### RECORDS SHOWN

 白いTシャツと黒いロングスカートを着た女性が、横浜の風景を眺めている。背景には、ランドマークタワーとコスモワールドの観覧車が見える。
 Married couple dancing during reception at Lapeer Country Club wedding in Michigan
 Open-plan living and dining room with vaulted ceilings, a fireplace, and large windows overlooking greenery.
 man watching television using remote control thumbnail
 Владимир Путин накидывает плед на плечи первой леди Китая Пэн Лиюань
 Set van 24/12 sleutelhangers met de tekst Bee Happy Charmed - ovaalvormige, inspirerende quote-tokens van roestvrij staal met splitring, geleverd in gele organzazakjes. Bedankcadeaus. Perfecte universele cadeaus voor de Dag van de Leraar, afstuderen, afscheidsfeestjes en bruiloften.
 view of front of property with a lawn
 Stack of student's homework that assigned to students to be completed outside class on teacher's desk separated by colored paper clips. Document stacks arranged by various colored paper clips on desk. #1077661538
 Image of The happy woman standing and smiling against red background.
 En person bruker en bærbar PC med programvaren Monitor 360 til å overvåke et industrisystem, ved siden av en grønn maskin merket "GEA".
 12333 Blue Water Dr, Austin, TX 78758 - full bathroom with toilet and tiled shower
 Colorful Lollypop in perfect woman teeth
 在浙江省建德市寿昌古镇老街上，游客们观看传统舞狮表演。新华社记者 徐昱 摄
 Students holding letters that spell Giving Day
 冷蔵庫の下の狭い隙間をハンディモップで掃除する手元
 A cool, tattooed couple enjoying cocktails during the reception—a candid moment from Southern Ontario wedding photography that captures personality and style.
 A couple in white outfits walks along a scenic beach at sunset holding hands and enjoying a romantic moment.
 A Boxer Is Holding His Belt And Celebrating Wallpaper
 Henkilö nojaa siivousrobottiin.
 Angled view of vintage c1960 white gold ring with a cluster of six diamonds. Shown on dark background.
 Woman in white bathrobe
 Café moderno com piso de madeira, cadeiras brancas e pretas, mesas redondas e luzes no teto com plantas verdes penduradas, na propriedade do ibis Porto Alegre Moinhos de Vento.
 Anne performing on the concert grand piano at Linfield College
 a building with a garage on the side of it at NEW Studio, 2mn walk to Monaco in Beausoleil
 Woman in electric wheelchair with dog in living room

######

WORK TASK:
With the line containing "Woman in white bathrobe" as the first, output each line through the final line of the entries above, exactly.

SOLUTION:
 Woman in white bathrobe
 Café moderno com piso de madeira, cadeiras brancas e pretas, mesas redondas e luzes no teto com plantas verdes penduradas, na propriedade do ibis Porto Alegre Moinhos de Vento.
 Anne performing on the concert grand piano at Linfield College
 a building with a garage on the side of it at NEW Studio, 2mn walk to Monaco in Beausoleil
 Woman in electric wheelchair with dog in living room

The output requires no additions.